XTRScores¶

XTR contrastive scoring with global top-k token retrieval.

For each query token, the top-k matches are selected globally across all Q*N in-batch document tokens (simulating retrieval from an index). Returns the full (Q, Q*N) cross-product score matrix with query-major ordering: scores[i, j*N + k] is query i against query j's k-th document. The positive for query i sits at column i*N.

Parameters¶

k ('int') – defaults to 256

Number of top token matches to retain per query token across all Q*N documents.
document_chunk_size ('int | None') – defaults to None

If set, the matmul + masked_fill phase is iterated over document_chunk_size docs at a time (out of Q*N total). The resulting chunks are concatenated before the global top-k, so scoring semantics are unchanged. Useful to trim the transient matmul peak at large effective batch sizes.
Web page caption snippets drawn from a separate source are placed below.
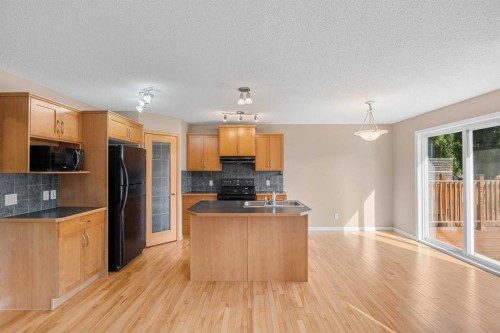 15 Cranfield Manor Se, Calgary, AB 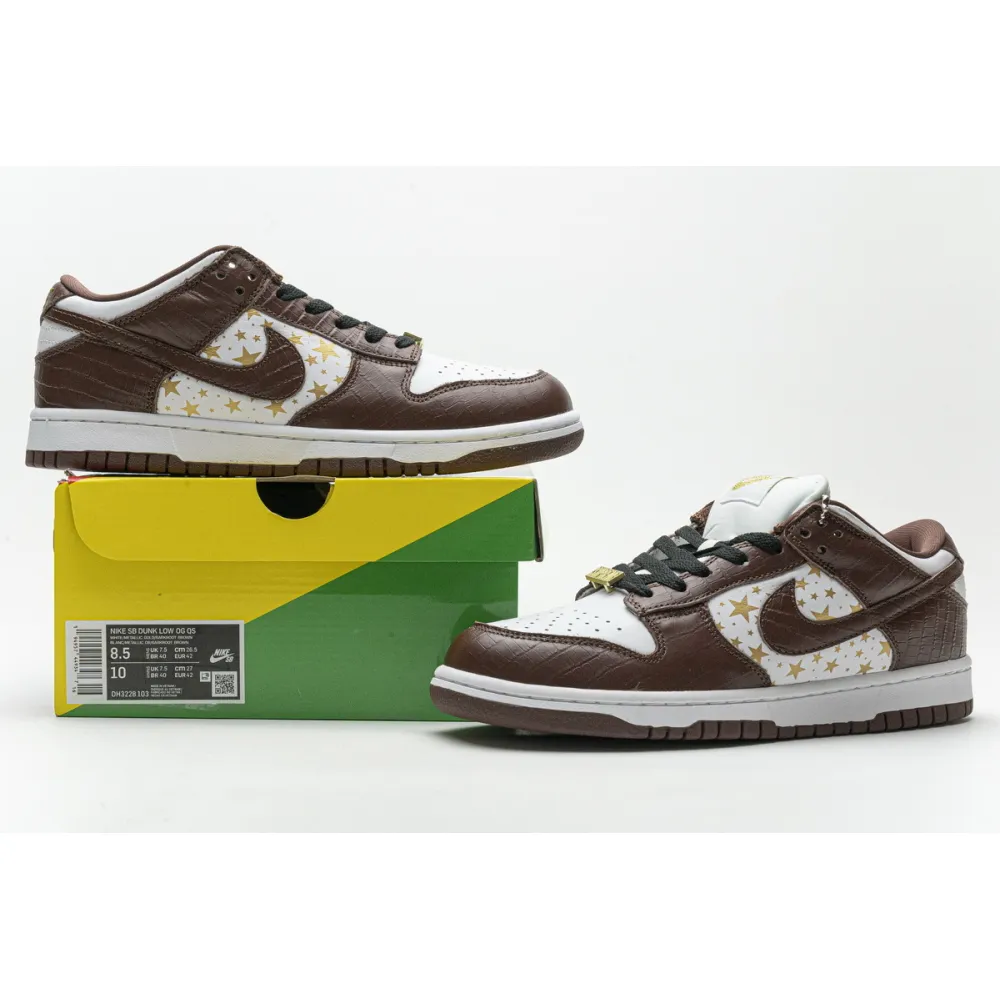  Supreme x Nike SB Dunk Low &quot;Brown Stars” DH3228-103 
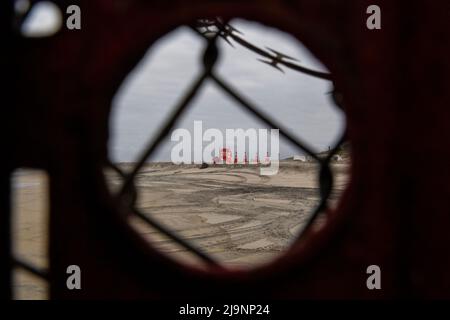 Tijuana, Messico. 21st maggio 2022. Un cartello 'STOP' può essere visto attraverso il muro di confine e filo spinato sul lato degli Stati Uniti della spiaggia. Credit: Aimee Melo/dpa/Alamy Live News Foto Stock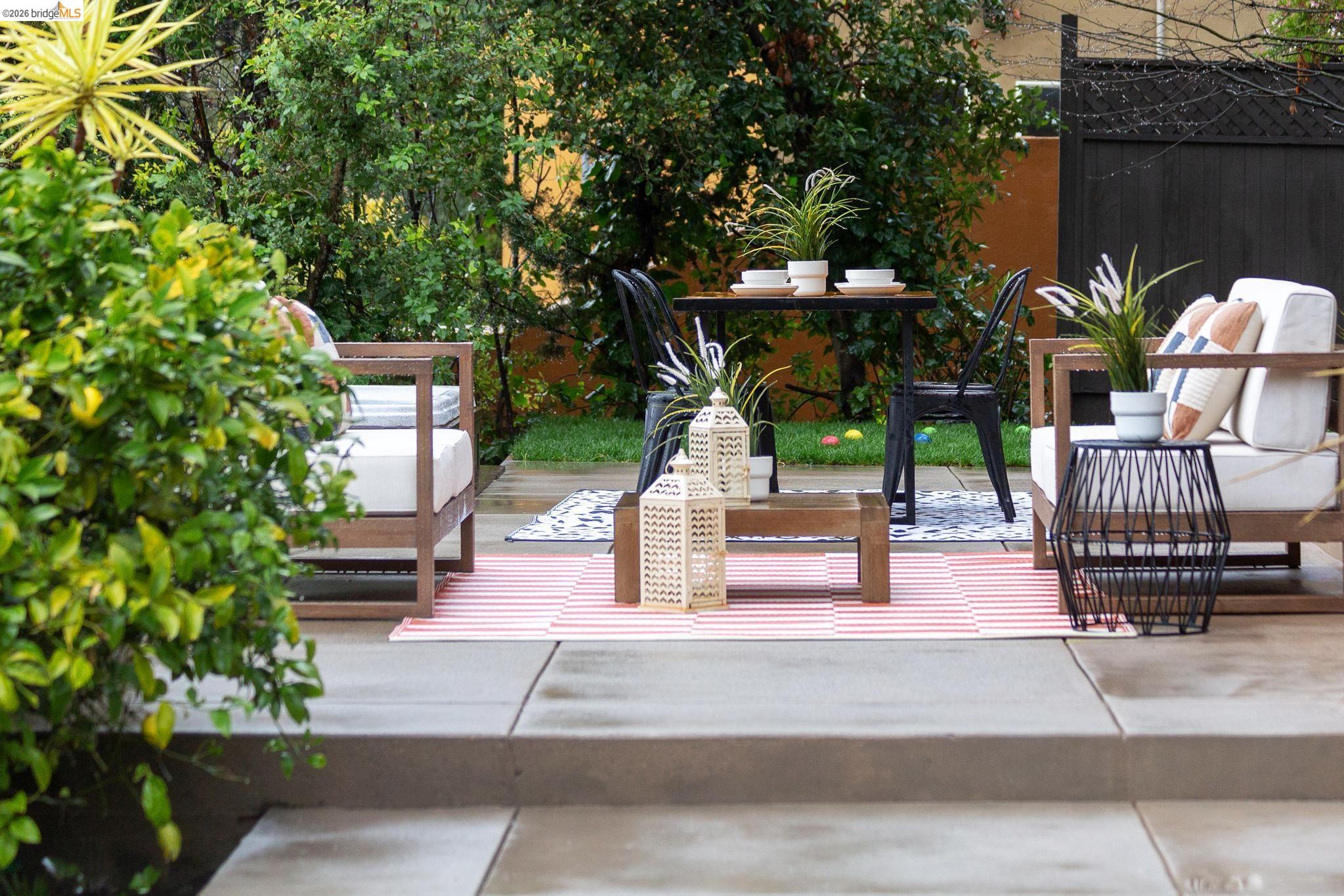 Detail Gallery Image 45 of 60 For 104 Capricorn Ave, Oakland,  CA 94611 - 3 Beds | 3 Baths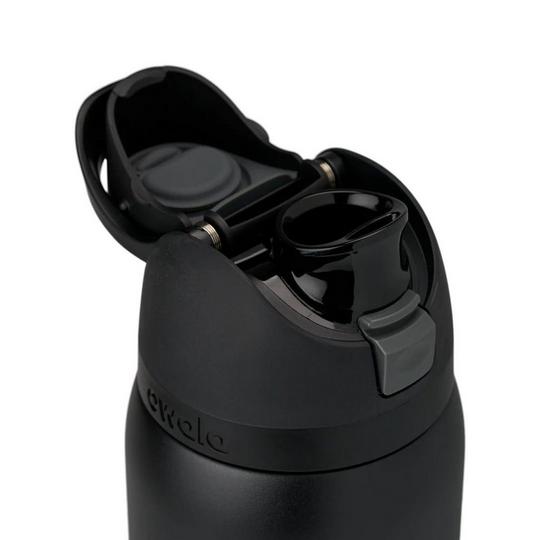 FreeSip Water Bottle (32 oz - Very Very Dark) | Sporting Life Online
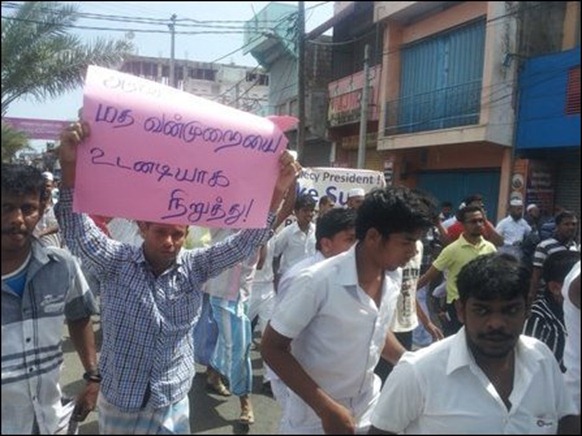 Kaaththaankudi_protest_01_107206_445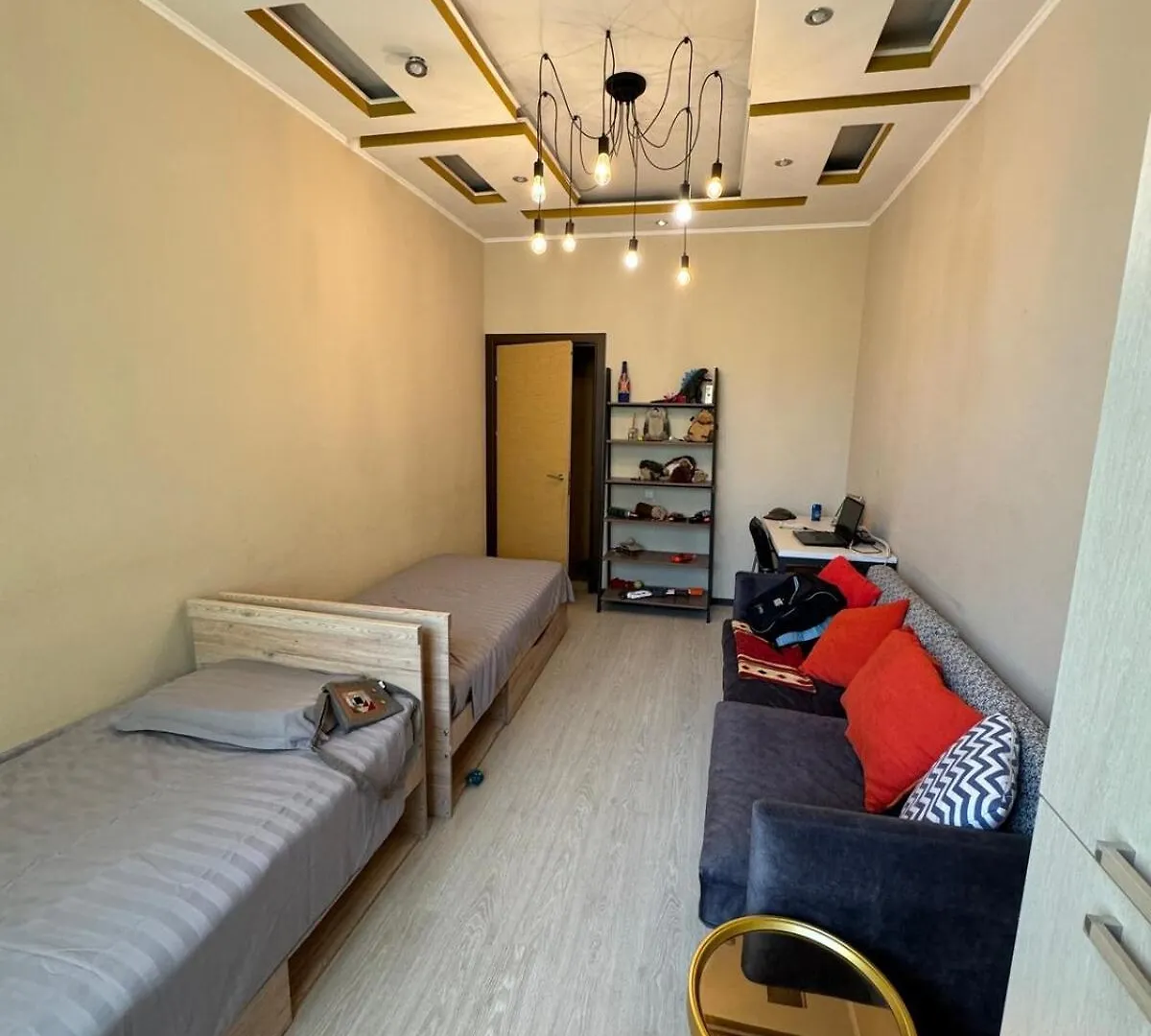 Apartment Cozy 3Br Apt Central Location Almaty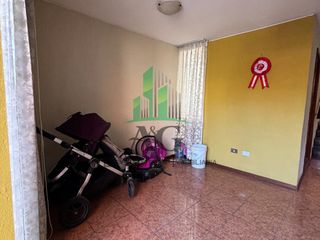 Foto 10 de VENDO HERMOSA CASA DE 3 PISOS, DE 309 M2 CON 7 DORMITORIOS, 6 BAÑOS, JACUZI, JARDINES, COCHERA PARA 2 CARROS, AREA DE PARRILLAS, ZONA DE VISITAS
Default None runs the full matmul in one shot.

Examples¶

>>> import torch

>>> queries_embeddings = torch.tensor([
...     [[1., 0.], [0., 0.]],
...     [[0., 1.], [0., 0.]],
... ])

>>> documents_embeddings = torch.tensor([
...     [[[1., 0.], [0., 1.]], [[0., 1.], [1., 0.]]],
...     [[[0., 1.], [1., 0.]], [[1., 0.], [0., 1.]]],
... ])

>>> scores = XTRScores(k=2)(
...     queries_embeddings=queries_embeddings,
...     documents_embeddings=documents_embeddings,
... )
>>> scores.shape
torch.Size([2, 4])

Methods¶

call

Call self as a function.

Parameters

queries_embeddings ('list | np.ndarray | torch.Tensor')
documents_embeddings ('list | np.ndarray | torch.Tensor')
queries_mask ('torch.Tensor | None') – defaults to None
documents_mask ('torch.Tensor | None') – defaults to None

compile

Notes¶

Extricated the scoring function from the end-to-end modeling class that also handled contrastive loss computation.
Fixed a bug in the original implementation where the alignment mask was not being applied correctly.

References¶

PrimeQA XTR